I have a Canon i320...

ixxx printers CAN be made to work under linux, but involves use of closed-source drivers, available at 

www.turboprint.de

The download is a demo driver which will print but has their logo superimposed on prinouts at random places. Works with cups, lpr, etc.

Only catch is $30 for a keyfile which removes the logo from printouts.

Not a great option, but definitely better than buying another printer or dual-booting.

EDIT: only i250, i320 and i350 have the annoying demo logo...

other Epson, HP and Canon printers they support should 'just work' with the demo.

Hope this helps.

----------

## theosib

I have a Samsung ML-2152W laser printer, and it's GREAT.  The Linux drivers that come with it install under Gentoo with no problems at all, and everything works great.

Of course, this is a network printer, so that may have something to do with the ease of installation.  It has USB, but I've never tried to use it.

----------

## tecknojunky

One must say that Canon makes very good printers for their prices.

I too have been Windows free for about 1 year.  Since all the printers I had were all Canons, I've out of printers since I made the switch.  Oh, not that I did not try to install it, I have CUPS on my Gentoo boxes, it's just that CUPS rimes with SUX: hard to con"figure".

So, no printers for me.  I'm still relying on Windows for that.  Go Bill go!  It's not to late to save the OS  :Very Happy: 

----------

## orionrobots

I actually emailied Canon uk - asking about their lack of support for linux, this is what I got back:

From Canon themselves:

 *Quote:*   

> 
> 
> Thank you for your recent enquiry regarding your Canon product. 
> 
> Canon doesn't develop Linux drivers.
> ...

 

----------

## orionrobots

 *s2 wrote:*   

> I have a Canon i320...
> 
> ixxx printers CAN be made to work under linux, but involves use of closed-source drivers, available at 
> 
> www.turboprint.de
> ...

 

Thing is, for that $30 (on top of the cost of the printer) you may as well buy a better printer from Epson or HP - both of whom have fairly decent support for linux.

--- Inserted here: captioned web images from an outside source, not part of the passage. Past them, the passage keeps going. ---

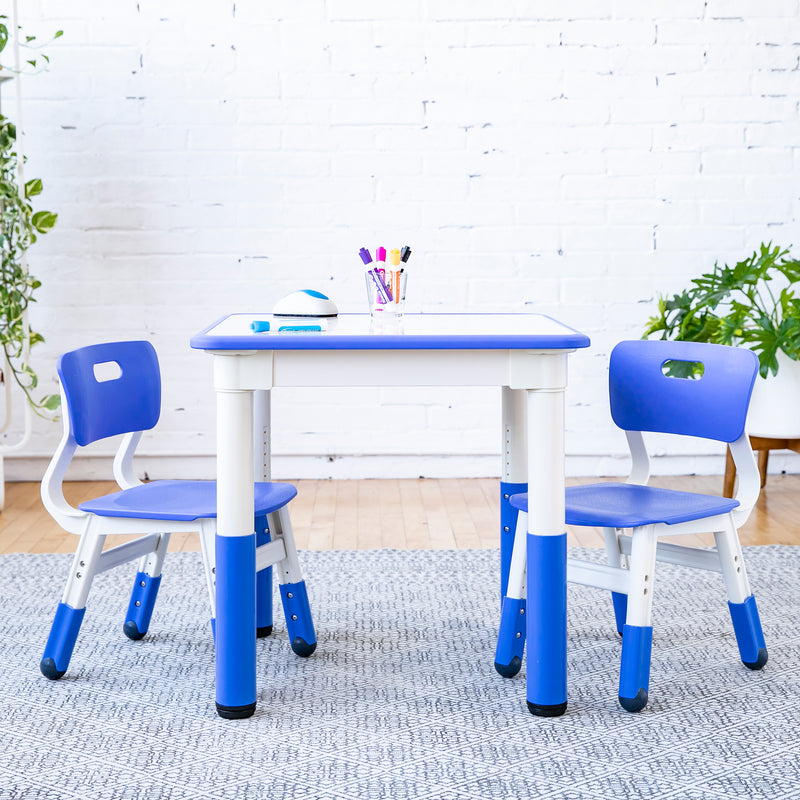 Square Dry-Erase Activity Table and 2 Adjustable Height Plastic Chairs, 3-Piece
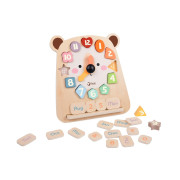 Výukové hodiny medvěd - vkládačka dřevěné 26x29x5 cm 
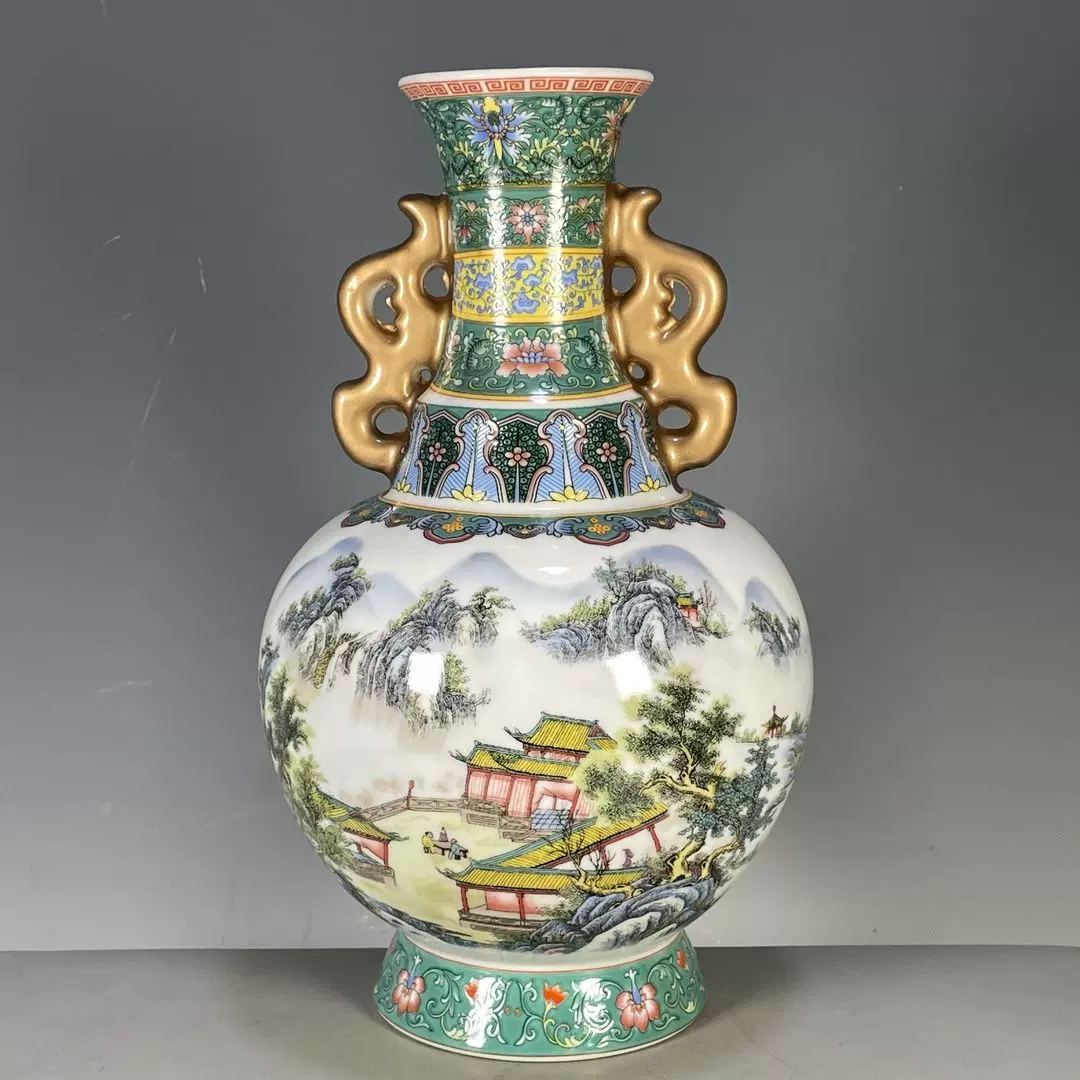 天下谈·古瓷遗珍｜海外回流大清乾隆年制五彩山水图纹双耳瓶古瓷鉴赏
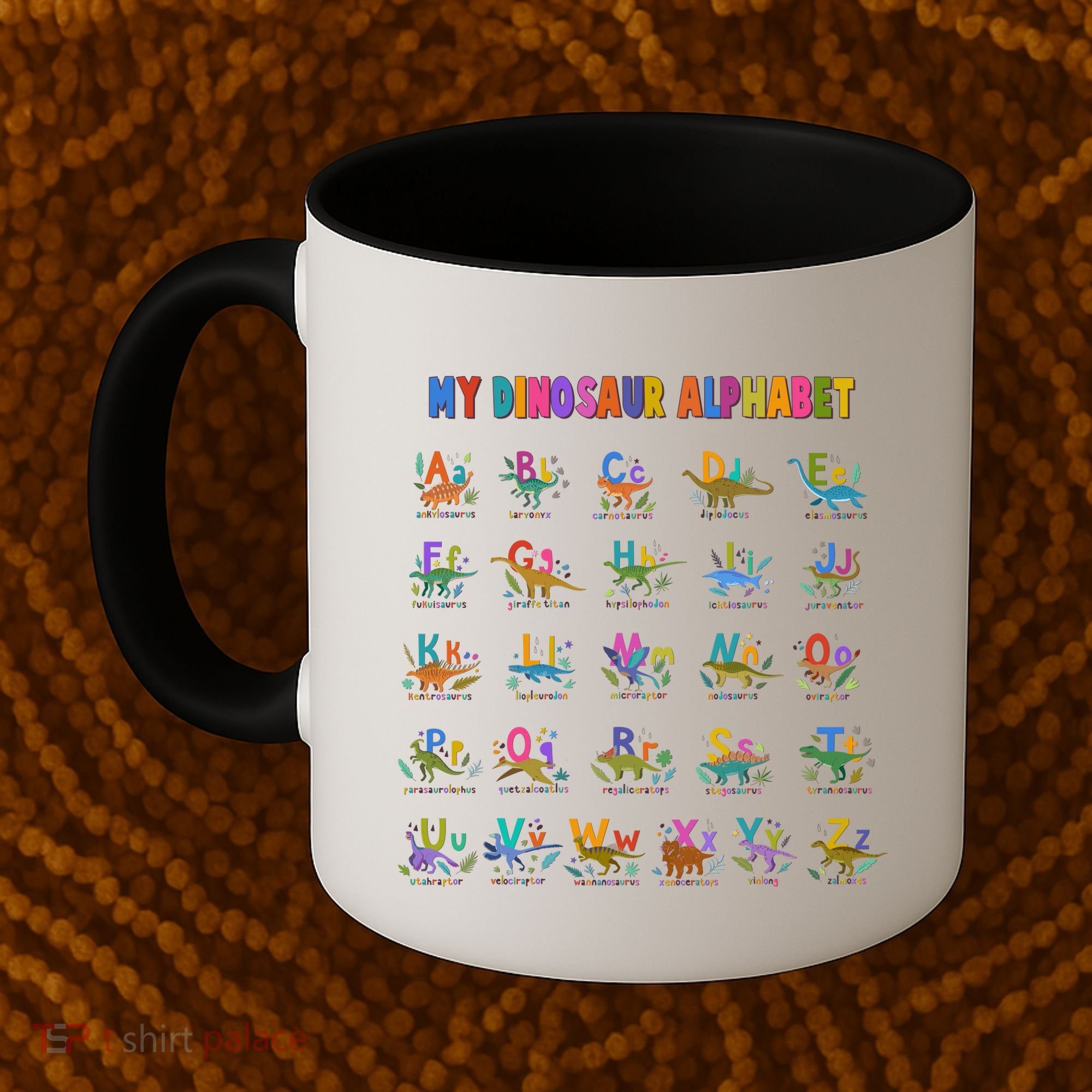 Cool Dinosaur Alphabet Back To School Coffee Mug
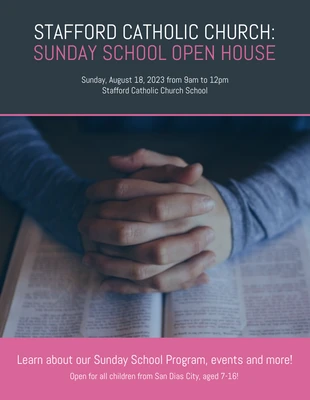 Free  Template: Sunday School Event Flyer Template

I think network printers are greta if they are affordable...

My Canon has gone - and I wont be buying, or recommending one again.

----------

## water

Things are getting better: https://forums.gentoo.org/viewtopic.php?t=94604

Support for at least Canon i250, i455, i550, i850 and i950

----------

## ctford0

I will never buy anything canon again.  I have a printer and a scanner that will not work in linux.  My printer is pretty nice, its 3-4 years old now, BJC5100.  It prints super fast, but still doesn't have linux support.  Get this; when WinXP came out canon said that they would not be issuing XP drivers for my printer.  That sealed the deal for me, no more canon ever!!  Canon sucks!

----------

## barlad

I have an Epson Stylus Photo XXX. I cannot remember the number. The printer was easy to install but god... printing quality is awful compared to what I get under Windows.

I must admit that the printing system under Unix is a pain and mystery to me so I never took much time to look into it (gimp, foomatic, postscript, ...). I suppose that with some time, I could get it working as well as under Windows.

So... Epson is indeed a good choice.

----------

## tom56

hp have excellent linux support.  i have a hp psc 750 and was very impressed with the fact that hp have official linux drivers.  for those having trouble setting up their printers the site www.linuxprinting.org is very good.

----------

## chainsawbeer

before you completely trash canon, don't forget printers aren't all they make... heh.. sorry... off topic a bit, but I'm a total canon whore when it comes to digital cameras.  I shoot on a EOS-10D and everything is fine uner linux (of course I unload the images onto my machine via a pcmcia cf adapter but still heh)

----------

## codergeek42

I have an Epson Stylus C60 that worked beautifully in FC1...I haven't gotten around to actually installing it on Gentoo yet...

----------

## ag_x

Well to be honest i have a S400 Canon and works pretty good with gentoo(it took me less than 15 minutes to make it work) but maybe its that model only.

Maybe we need a separate ---Hardware compatible with Gentoo (like graphic cards,printers,laptops.etc.. .)--- section in this forum.And specific Hardware model threads, like Canon S400 or Ati Radeon 9600 or fujitsu-siemens E4010 etc...

----------

## MiPo

I used to habe Epson Printers altough I often had problems with the ink and disliked the price of their cardridges  :Sad: . So I searched for a cheaper long-time solution and finally got a Canon S500. I saw that there was a solution with the TurboPrint driver from www.irseesoft.de. Ok, it's not free, I had to pay once. But now I have continuous cheap ink, a super printer-driver working with cups or anything else and I really like the printout of my printer.

----------